[Short descriptive text snippets]
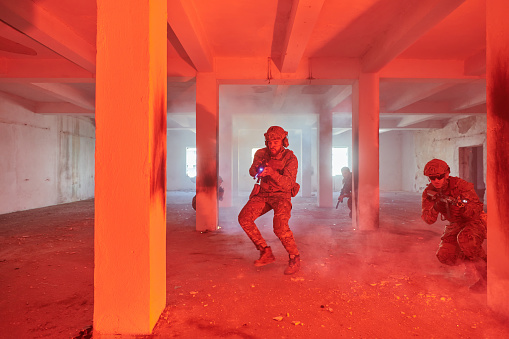 group of professional soldiers destroyed the wall and attack a building.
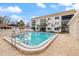 Inviting community pool area with ample seating, lush landscaping, and well-maintained surroundings at 116 Vista Hermosa Cir # 204C, Sarasota, FL 34242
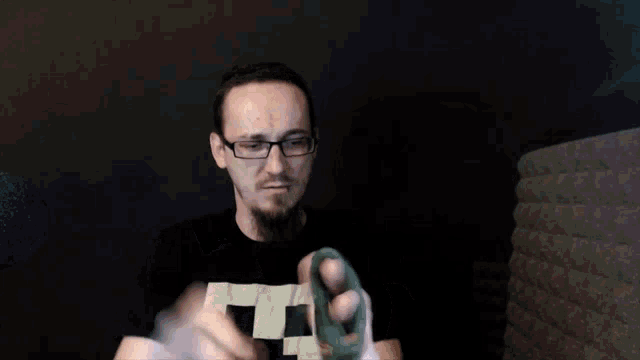 a man wearing glasses and a black shirt with the letter l on the front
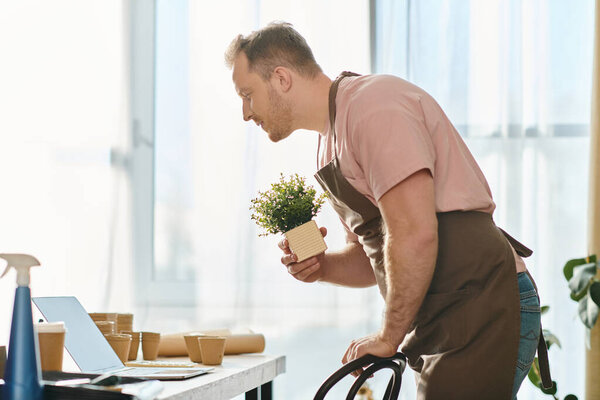 A man tends to a potted plant while working on his laptop, symbolizing virtual growth in his plant shop business.
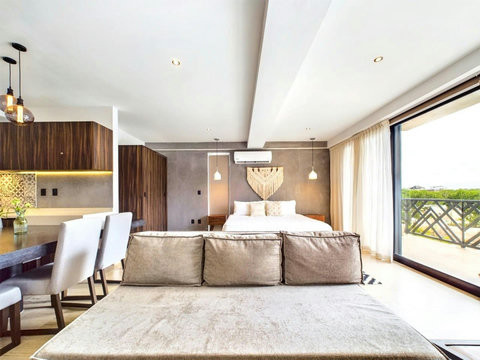 In the living room we also have a double sofa bed which can sleep extra people if needed. This will also be a cool spot to relax after a long beach day, the space can be opened completely with the large windows facing the Palais gardens.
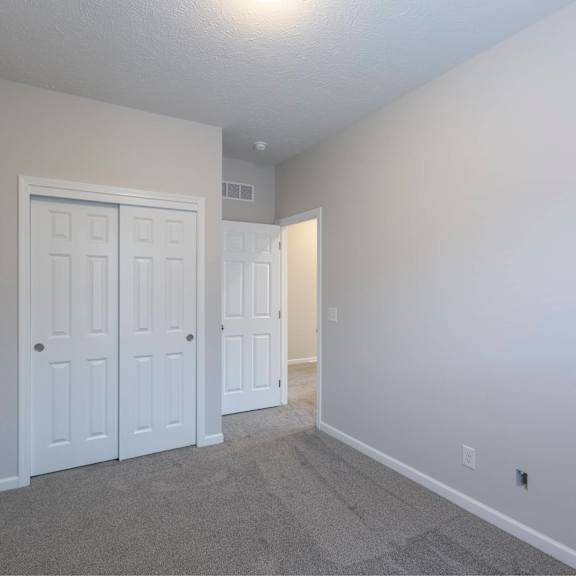 a room with a white door and carpeted floor.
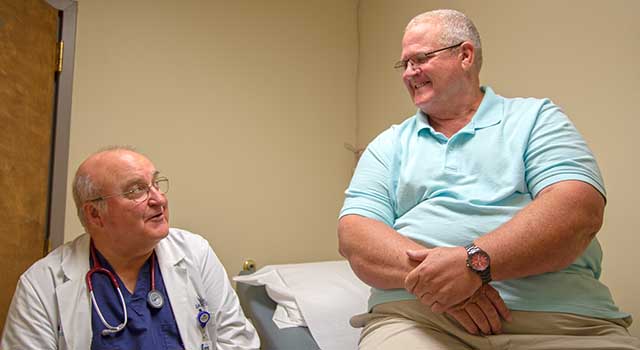 Hal James and Dr. Laurence Ballou chat inside a room at Tidelands Health Gastroenterology at Georgetown.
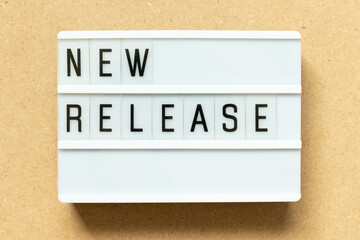 Lightbox with word new release on wood background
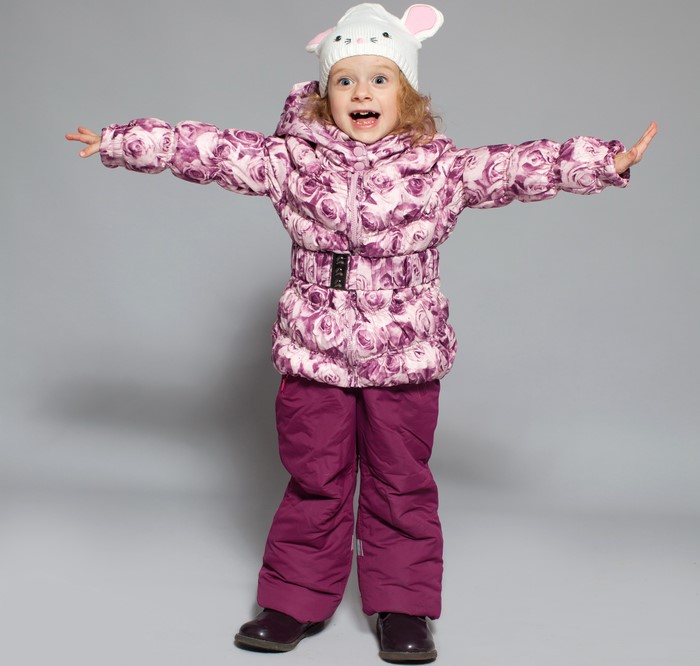 Girl in a floral winter jacket and hat
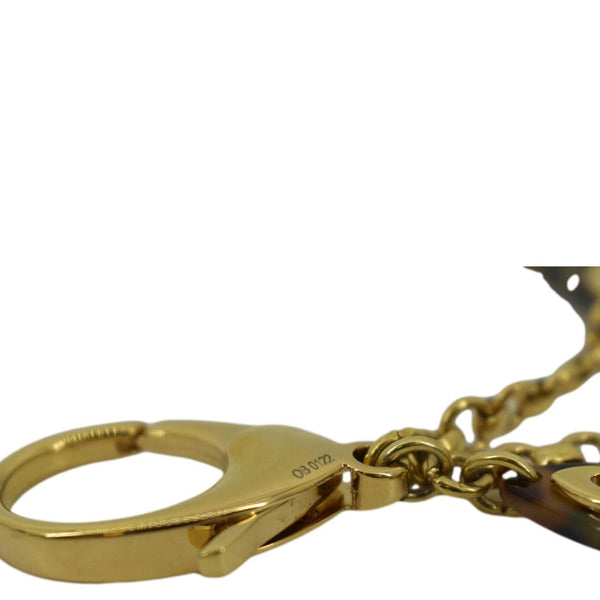 LOUIS VUITTON Tortoise Resin Insolence Monogram Bag Charm Gold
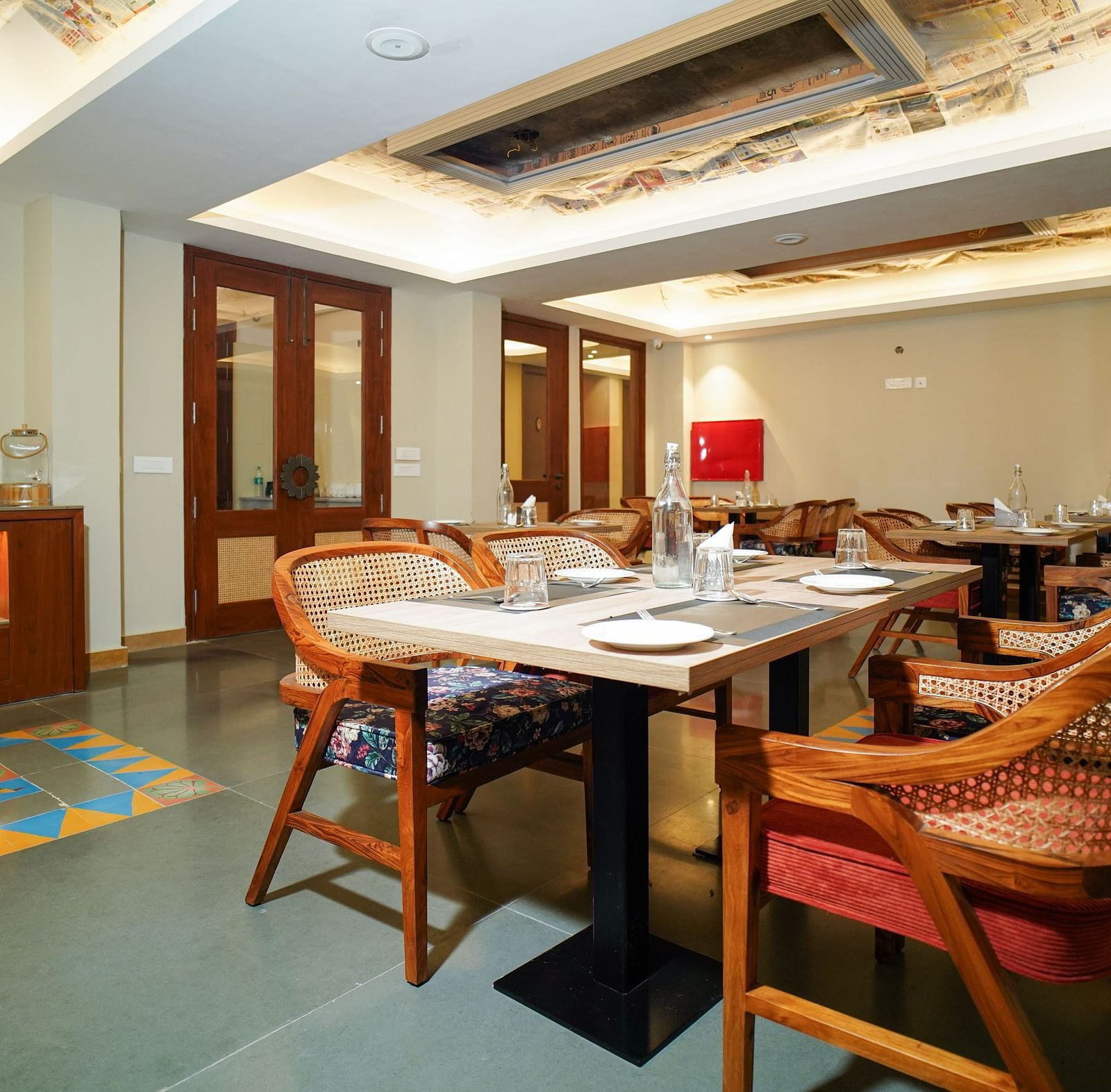 A dining room with several tables and chairs, a fireplace, and a large window | Sukama Resort & Spa, Nainital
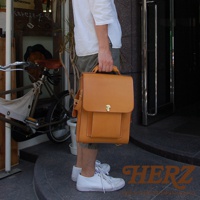 職人手作皮革復古後背包，黃褐色，配有金色鎖扣和縫線細節，由皮革製成。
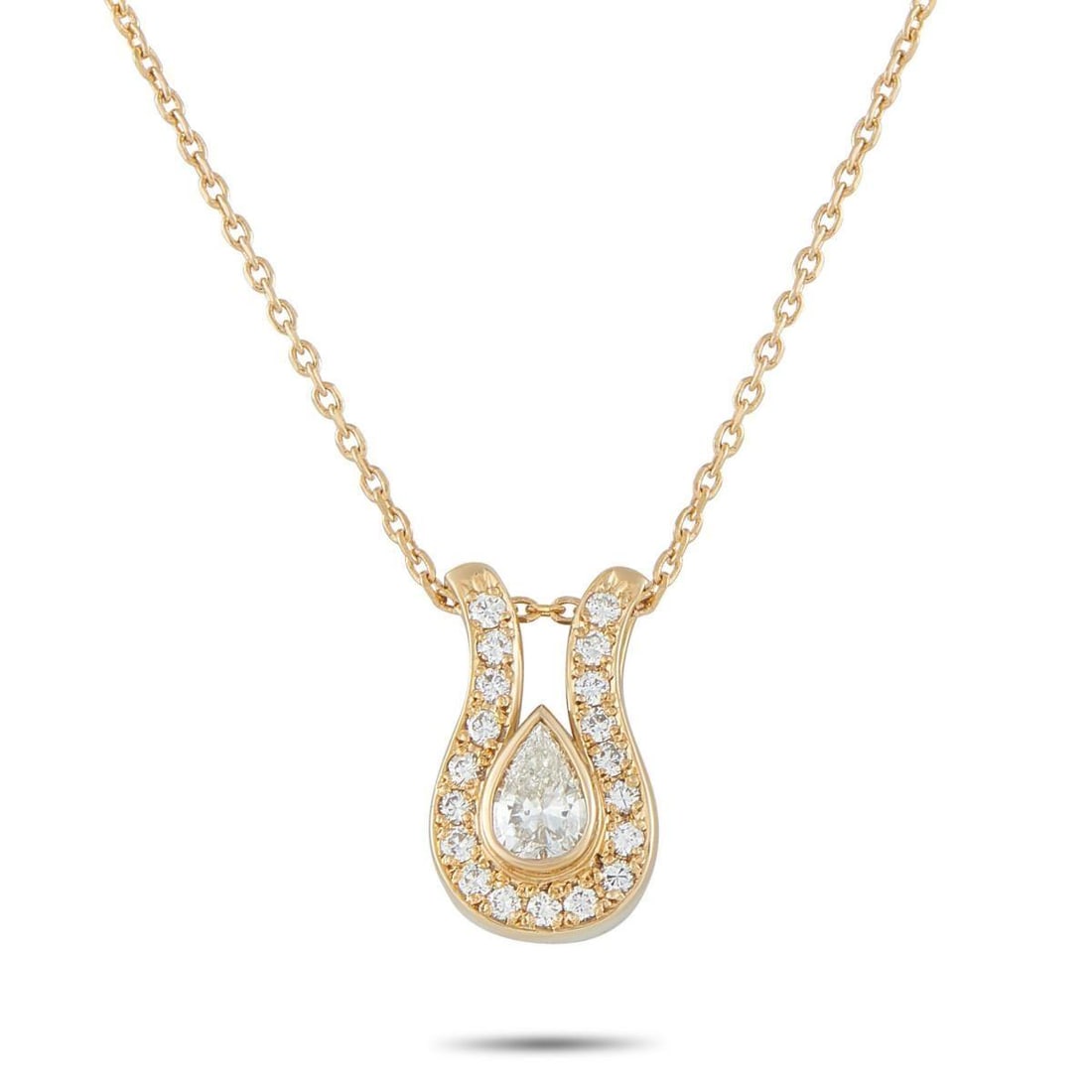 18K YELLOW GOLD 0.90CT DIAMOND NECKLACE: This luxury necklace will instantly elevate any ensemble. Understated enough for everyday wear, this pieces pendant shines to life thanks to a 0.65 carat Diamond center stone and additional Diamond ac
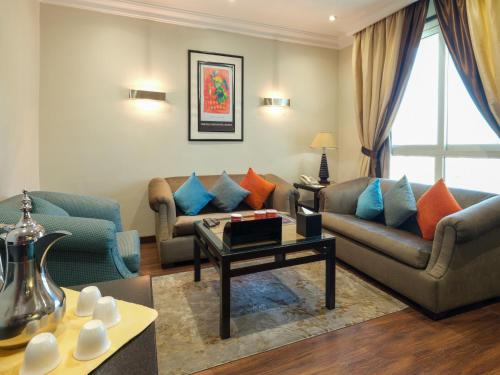 a living room with two couches and a coffee table at Boudl Salmiya, Kuwait - بودل السالمية الكويت in Kuwait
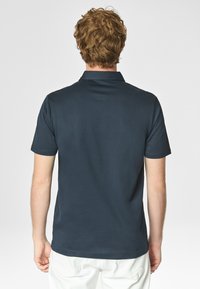 Polo shirt blu navy a maniche corte con colletto, texture liscia e orlo dritto, mostrato da dietro, su uno sfondo semplice.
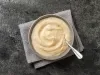 Fotografia mostrau ma tigela branca com mingau de fubá cremoso.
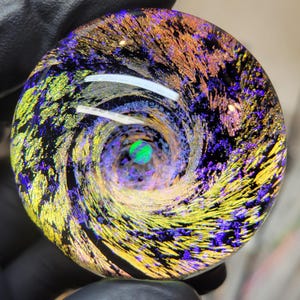 May include: A circular glass pendant featuring a swirling vortex pattern of iridescent gold, purple, and black colors. At the center of the spiral sits a small, round, bright green opal-like inlay that creates a focal point within the glass.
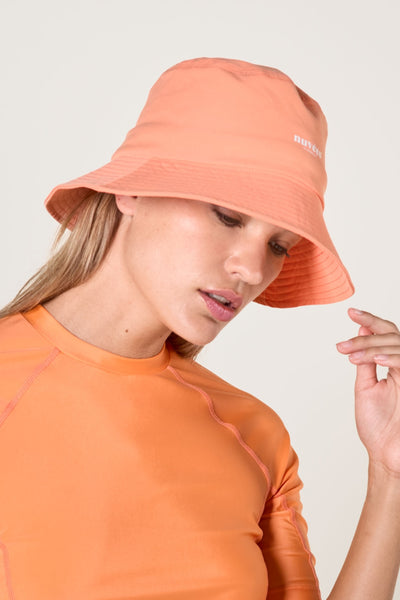 Femme portant un bob anti-UV couleur saumon, idéal pour se protéger des UV au quotidien.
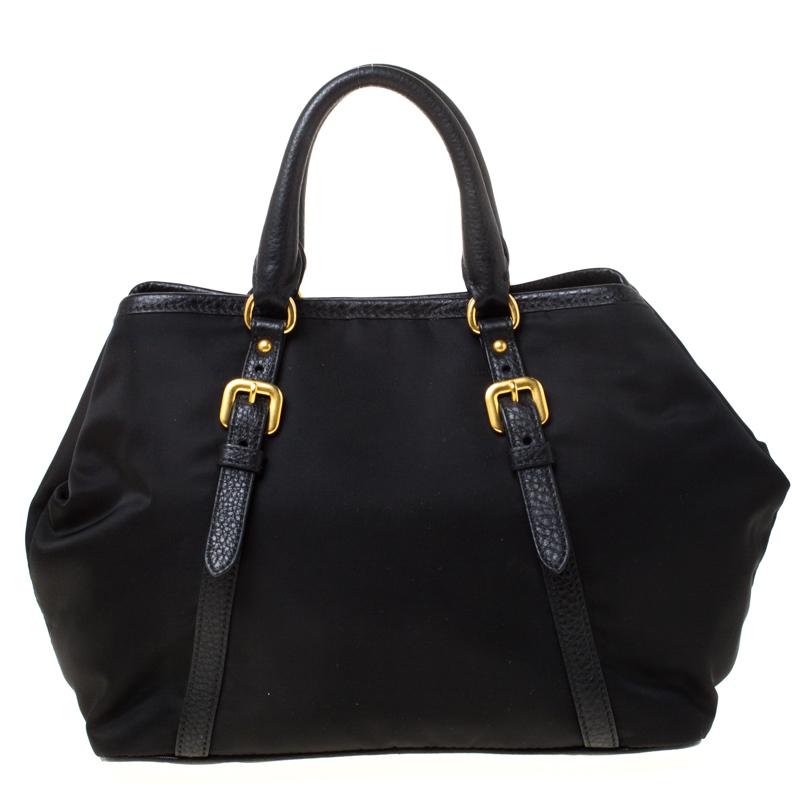 When you carry this Prada creation, be ready to catch admiring glances as this bag is stylish and handy. The bag has been crafted from Tessuto nylon and leather trims in a lovely black shade and equipped with two top handles and gold-tone logo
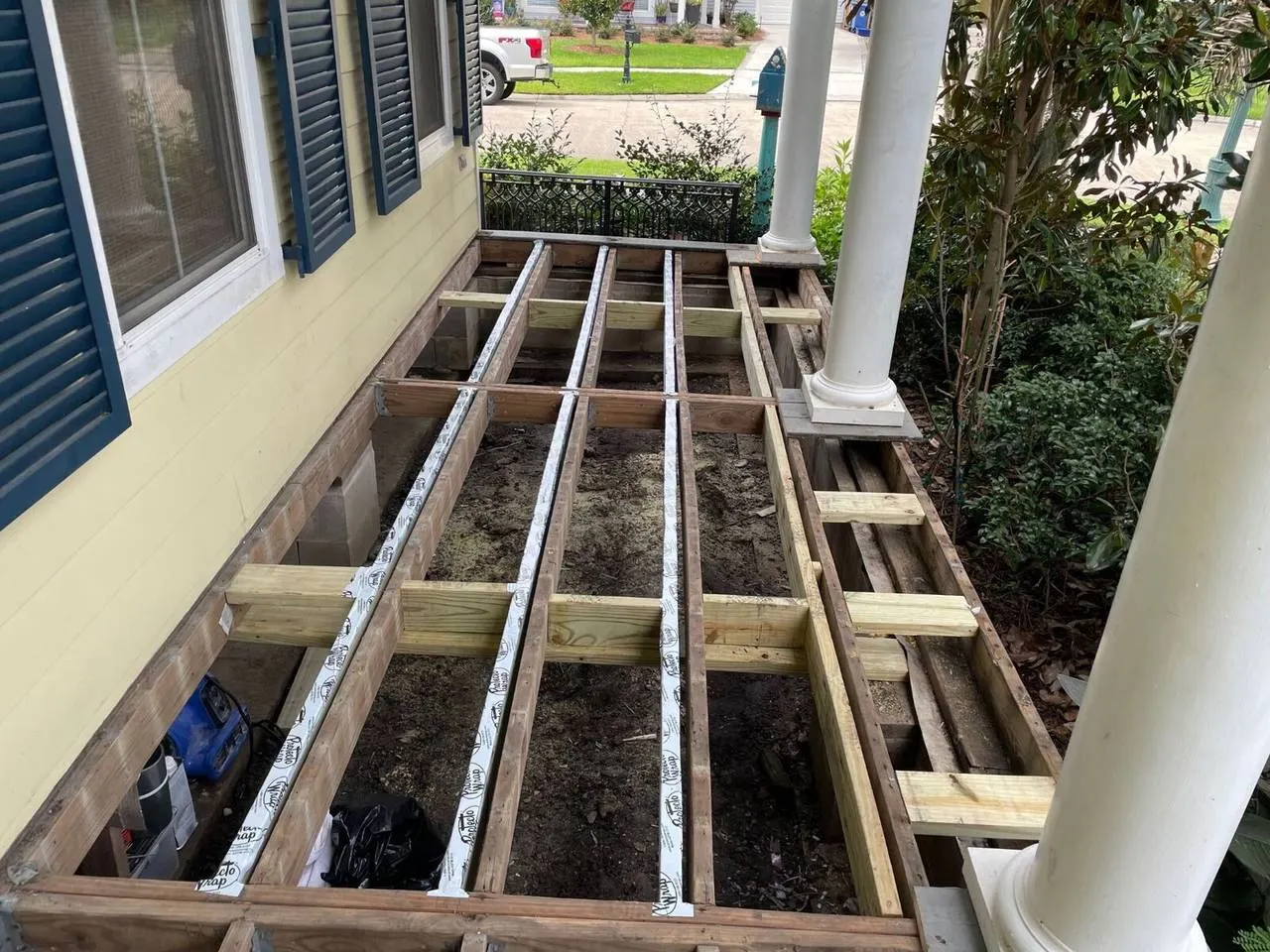 New pressure-treated deck framing with joist tape on historic Algiers Point home porch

What is being asked ▸
Every line in the data above needs to be given again exactly, pictures aside.

Task answer ▸
 group of professional soldiers destroyed the wall and attack a building.
 Inviting community pool area with ample seating, lush landscaping, and well-maintained surroundings at 116 Vista Hermosa Cir # 204C, Sarasota, FL 34242
 a man wearing glasses and a black shirt with the letter l on the front
 A man tends to a potted plant while working on his laptop, symbolizing virtual growth in his plant shop business.
 In the living room we also have a double sofa bed which can sleep extra people if needed. This will also be a cool spot to relax after a long beach day, the space can be opened completely with the large windows facing the Palais gardens.
 a room with a white door and carpeted floor.
 Hal James and Dr. Laurence Ballou chat inside a room at Tidelands Health Gastroenterology at Georgetown.
 Lightbox with word new release on wood background
 Girl in a floral winter jacket and hat
 LOUIS VUITTON Tortoise Resin Insolence Monogram Bag Charm Gold
 A dining room with several tables and chairs, a fireplace, and a large window | Sukama Resort & Spa, Nainital
 職人手作皮革復古後背包，黃褐色，配有金色鎖扣和縫線細節，由皮革製成。
 18K YELLOW GOLD 0.90CT DIAMOND NECKLACE: This luxury necklace will instantly elevate any ensemble. Understated enough for everyday wear, this pieces pendant shines to life thanks to a 0.65 carat Diamond center stone and additional Diamond ac
 a living room with two couches and a coffee table at Boudl Salmiya, Kuwait - بودل السالمية الكويت in Kuwait
 Polo shirt blu navy a maniche corte con colletto, texture liscia e orlo dritto, mostrato da dietro, su uno sfondo semplice.
 Fotografia mostrau ma tigela branca com mingau de fubá cremoso.
 May include: A circular glass pendant featuring a swirling vortex pattern of iridescent gold, purple, and black colors. At the center of the spiral sits a small, round, bright green opal-like inlay that creates a focal point within the glass.
 Femme portant un bob anti-UV couleur saumon, idéal pour se protéger des UV au quotidien.
 When you carry this Prada creation, be ready to catch admiring glances as this bag is stylish and handy. The bag has been crafted from Tessuto nylon and leather trims in a lovely black shade and equipped with two top handles and gold-tone logo
 New pressure-treated deck framing with joist tape on historic Algiers Point home porch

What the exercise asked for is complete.